While playing with the Giants, Brown and his wife Thelma were residents of Teaneck, New Jersey, where they were neighbors of New York Yankees catcher Elston Howard.

==Coaching and scouting career==
In March 1966, Brown was hospitalized with phlebitis, calling into doubt his ability to continue his playing career. Brown participated in the Giants' summer camp, but on August 23, 1966, he announced his retirement as a player. The Giants announced at the same time that the team had hired Brown as an assistant coach. He became the Giants' assistant offensive line coach and was promoted to offensive line coach in 1969. He later worked as a scout for the Giants. As a player, coach and scout, his career with the Giants spanned more than 50 years.

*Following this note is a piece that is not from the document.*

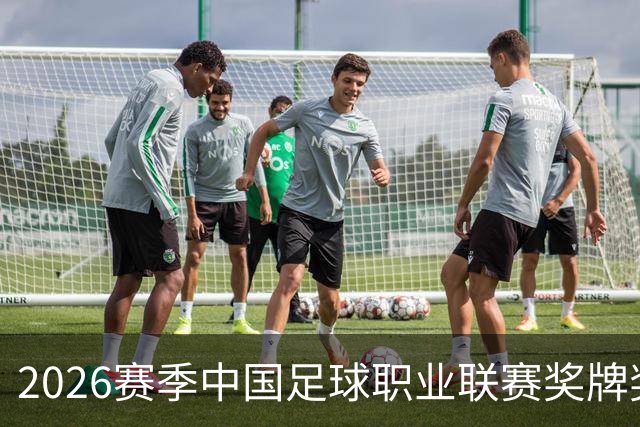 2026赛季中国足球职业联赛奖牌奖杯奖盘供应商征集-结果公告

==Honors and halls of fame==
Brown received numerous honors for his contributions to the sport. His honors include the following:
- In August 1969, he was named to the NFL's 1950s All-Decade Team.
- In 1974, he was inducted into the Morgan State University Hall of Fame.
- In January 1975, Brown was named to the Pro Football Hall of Fame.
- In April 1979, he was inducted into the Virginia Sports Hall of Fame.
- In August 1994, he was named to the National Football League 75th Anniversary All-Time Team selected by a 15-person panel of NFL and Pro Football Hall of Fame officials, former players, and media representatives.
- In August 1999, Brown was ranked number 57 on The Sporting News list of the 100 Greatest Football Players.
- In 2010, he was included in the inaugural class of the New York Giants Ring of Honor.
- In 2019 he was named to the 100 year NFL team

==Family and death==
In June 2004, Brown suffered a heart attack while gardening and died at his home in the Columbus section of Mansfield Township, Burlington County, New Jersey, at age 71. He was survived by his wife, the former Linda Lock, two stepchildren, and two sisters.